Consider the rights spelled out for data subjects under the GDPR: EU citizens can not only access personal information that businesses keep about them, but can also ask that such data can be transferred elsewhere, corrected or even deleted. If that information is stored on a blockchain, though, such changes or deletions would break the chain and hurt users’ ability to trust the validity of recorded data.
“The GDPR’s right to erasure (the so-called ‘right to be forgotten’) naturally poses significant compliance hurdles to the ongoing development of immutable blockchain-based solutions involving storing and transacting with data about individuals,” notes a new report from the Centre for Global Enterprise (CGE). “Some have even declared blockchain fundamentally incompatible with the GDPR. While we take a more optimistic view, their concerns are not entirely misplaced.”
The organisations behind the CGE report – the centre’s Digital Supply Chain Institute, along with the law firms of Slaughter and May and Cravath, Swaine & Moore – say it’s possible to comply with the GDPR by using a private, permissioned and well governed blockchain that avoids storing personal data. And if regulators don’t act to address blockchain’s privacy challenges, they add, advances in the technology could slow down or even end.
“The GDPR represents a paradigm shift,” says France’s data privacy regulator, the Commission nationale de l’informatique et des libertés (CNIL). “It is thus necessary to concretely assess the real necessity to use blockchain technology in light of the objectives and characteristics of each processing operation. In application of the privacy by design principle, the CNIL therefore calls for stakeholders to question, from a very early stage, the necessity of using blockchain technology, rather than an alternative technology, to carry out their processing operations.”
In a report published late last year, the CNIL notes it might be “technically possible” to comply with GDPR-related data erasure requests by deleting a keyed hash function’s secret key: the data in question would still exist on the blockchain, but it would no longer be accessible.
In another 2018 study, the US-based financial services analyst Greenwich Associates surveyed executives working on blockchain technology and found that almost two-thirds believe the privacy solution for enterprise applications will lie in using zero-knowledge proofs.
“ZKP are a recent innovation,” Greenwich Associates expert Richard Johnson said in an October press announcement. “They require an additional layer of cryptography in the consensus protocol that allows one party to prove to another that something is true without revealing any other information.”

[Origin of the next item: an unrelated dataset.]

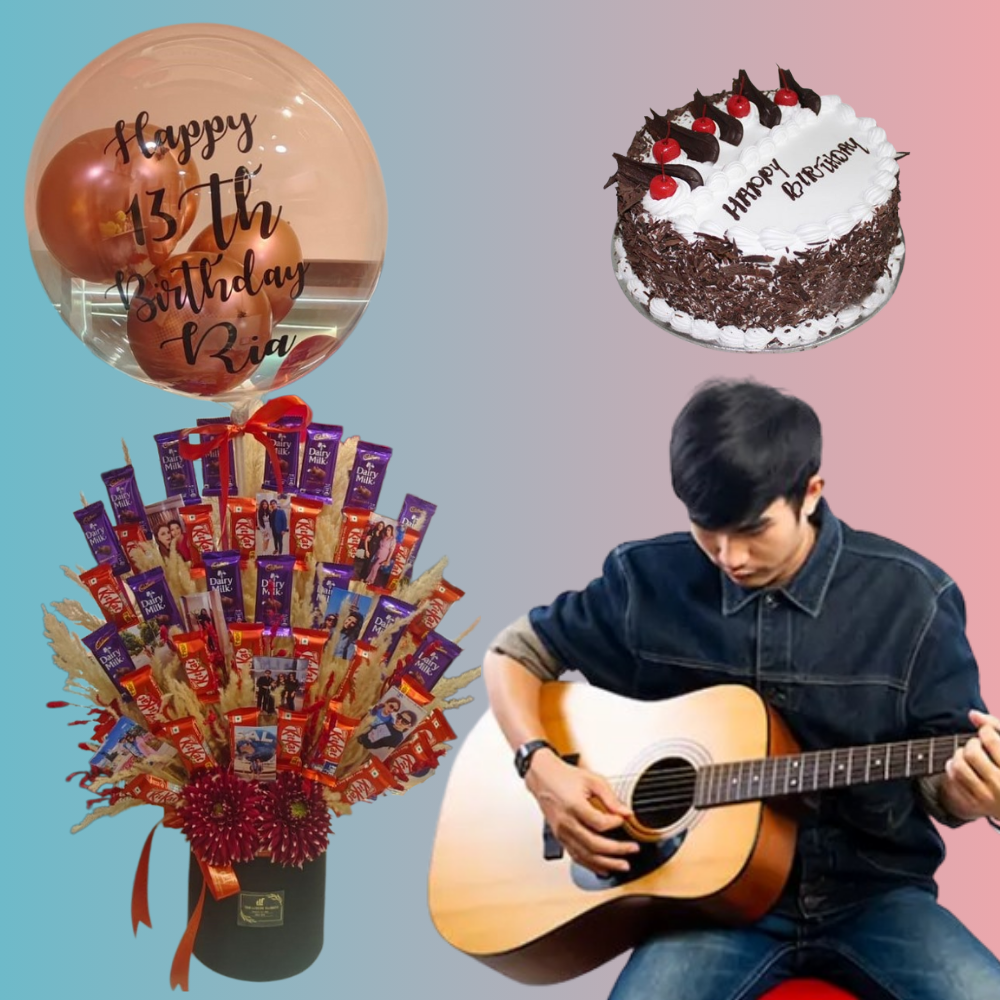 Chocolate Balloon Flowers Bouquet with Personalized Photo  + Cake + Guitarist Performance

There are different ways to implement zero-knowledge proofs.
“For example,” states a report from the EU Blockchain Observatory and Forum, “someone can produce proof that they are over 18 years old without disclosing their actual age. ZKP applications hold great promise when it comes to privacy-by-design and self-sovereign ownership of personal data. However, there are few, if any, large-scale implementations of these techniques, and many subtleties in terms of how to apply them. For instance, the fact that someone is over 18 years old is still personal data.”
Some organisations are currently exploring the use of ZKPs to address data privacy concerns. They include JPMorgan Chase, which has developed a version of Ethereum called Quorum, which features a zero-knowledge security layer that “allows for cryptographically assured, private settlement of digitised assets”; the QURAS platform for “secret contract and data protection”; and AZTEC, a zero-knowledge protocol designed to “enable private transactions”. Researchers at Stanford University have also proposed a mechanism called Zether that they say improves on current ZKP systems, and could be used in applications like voting as well as financial services.
“The privacy issues nowadays are very serious and difficult to solve,” the QURAS FAQ states. “Transactions of Bitcoin and Ethereum are exposed to third parties. The same can be said for the blockchain. It is not necessary to expose everything to everyone. Concerning privacy, QURAS gives the user the opportunity to choose whether he/she wants to disclose information or not.”